Sanità, conti e statuto: il Consiglio regionale approva la legge per reclutare medici extra Ue e rimodula 193 milioni di debito

Via libera alla norma sulla continuità assistenziale e ai provvedimenti finanziari collegati alla “leale collaborazione” con il Governo. Scontro acceso tra maggioranza e opposizione sui tempi e sul metodo dei lavori Via libera alla norma sulla continuità assistenziale e ai provvedimenti finanziari collegati alla “leale collaborazione” con il Governo. Scontro acceso tra maggioranza e opposizione sui tempi e sul metodo dei lavori.

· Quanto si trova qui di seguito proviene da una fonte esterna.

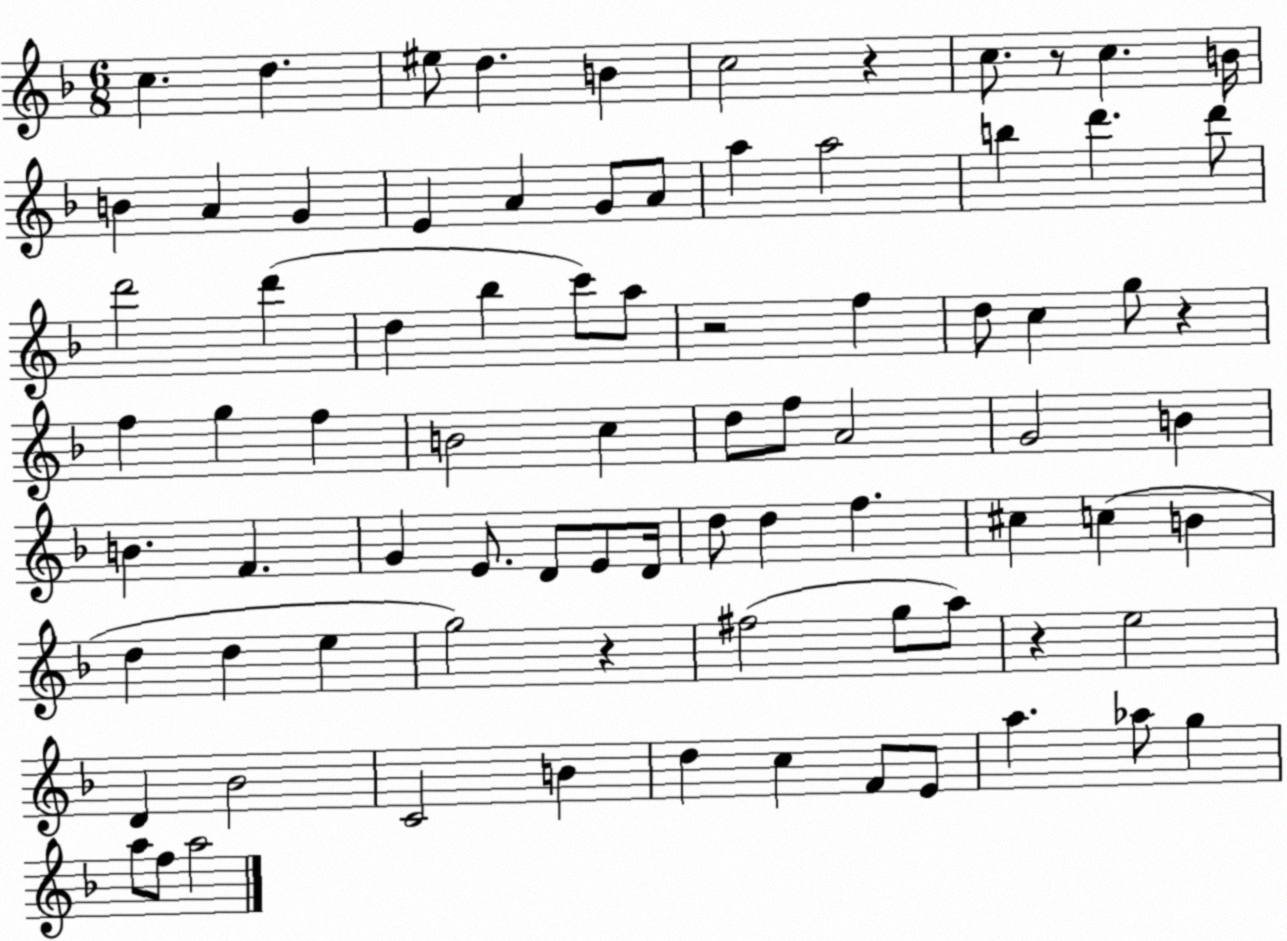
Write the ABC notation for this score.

X:1
T:Untitled
M:6/8
L:1/4
K:F
c d ^e/2 d B c2 z c/2 z/2 c B/4 B A G E A G/2 A/2 a a2 b d' d'/2 d'2 d' d _b c'/2 a/2 z2 f d/2 c g/2 z f g f B2 c d/2 f/2 A2 G2 B B F G E/2 D/2 E/2 D/4 d/2 d f ^c c B d d e g2 z ^f2 g/2 a/2 z e2 D _B2 C2 B d c F/2 E/2 a _a/2 g a/2 f/2 a2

Seduta densa e politicamente tesa quella che si è svolta oggi nell’Aula “Fortugno” di Palazzo Campanella, sotto la presidenza di Salvatore  Cirillo. Al centro dei lavori l’approvazione della proposta di legge recante “Misure per assicurare la continuità assistenziale del Servizio sanitario regionale”, illustrata in Aula dal consigliere Pierluigi Caputo (Occhiuto Presidente).

Il provvedimento interviene in un quadro segnato dalla persistente carenza di personale medico, soprattutto nelle discipline specialistiche e nelle aree territoriali più disagiate. La norma amplia il bacino di reclutamento consentendo il ricorso a professionisti provenienti da Paesi non appartenenti all’Unione europea, nel rispetto della normativa nazionale vigente.

Mandato ad Azienda Zero

La legge autorizza Azienda Zero a individuare operatori economici, anche di livello internazionale, per la ricerca e selezione del personale. I contratti, a tempo determinato, saranno stipulati direttamente dalle aziende del Servizio sanitario regionale secondo la contrattazione collettiva nazionale. Previste risorse per il biennio 2026-2027. Dall’opposizione è arrivata la critica del consigliere Giuseppe Ranuccio (Pd), che ha definito il testo “improvvisato” contestando metodo e tempistiche: “Non è accettabile – ha detto – dover esaminare in pochi minuti un provvedimento di questa portata”. Nonostante le perplessità espresse, gli articoli sono stati approvati.

SUEM 118 e misure sociali

Via libera anche alla mozione sul SUEM 118 dell’Asp di Reggio Calabria, illustrata dal consigliere Domenico Giannetta (Forza Italia), che punta a garantire continuità al servizio di emergenza-urgenza e a valorizzare l’esperienza degli autisti soccorritori impiegati in convenzione. Approvata inoltre l’esenzione dal ticket sanitario per le vittime di violenza, limitatamente alle prestazioni mediche, farmacologiche e psicologiche correlate, e il provvedimento per il potenziamento della diagnosi precoce e della presa in carico dei pazienti con Alzheimer e demenze, sul quale è arrivato anche il voto favorevole di parte della minoranza.

Legge urbanistica e Piano faunistico

Nel corso della seduta sono stati licenziati anche altri punti inseriti all’ordine del giorno: le modifiche alla legge urbanistica regionale, l’aggiornamento del Piano faunistico-venatorio e l’attuazione delle disposizioni relative alla cancellazione della restituzione delle anticipazioni di liquidità.

Su quest’ultimo aspetto è intervenuto il presidente della Commissione Bilancio, Filippo Maria Pietropaolo (Fratelli d’Italia), sottolineando che la Regione potrà rimodulare 193 milioni di euro legati alle anticipazioni di liquidità, con restituzione garantita dallo Stato tramite il Mef fino al 2051. L’effetto, ha spiegato, sarà un miglioramento degli equilibri contabili e maggiori margini per investimenti futuri.

Scontro sul rispetto delle procedure

Il confronto politico più acceso si è registrato sul punto relativo agli adempimenti con il Governo in attuazione del principio di leale collaborazione. L’opposizione, con interventi di Giuseppe Falcomatà (Pd), Elisa Scutellà (M5S) e Vincenzo Bruno (Tridico Presidente), ha contestato la gestione dei lavori e il rispetto delle procedure, parlando di “mortificazione” del ruolo consiliare.

La replica del presidente della Regione Roberto Occhiuto ha chiarito che il provvedimento in discussione non riguardava la modifica dello Statuto o il numero degli assessori, ma adempimenti legati al referendum e agli impegni assunti con l’Esecutivo nazionale. Il dibattito, dai toni accesi, si è chiuso con l’approvazione del punto.

Con l’ok agli ultimi provvedimenti, il Consiglio ha concluso una seduta che intreccia sanità, finanza pubblica e assetti istituzionali, confermando la centralità del tema sanitario nell’agenda regionale e lasciando aperto il confronto politico su metodo e tempi dell’attività legislativa.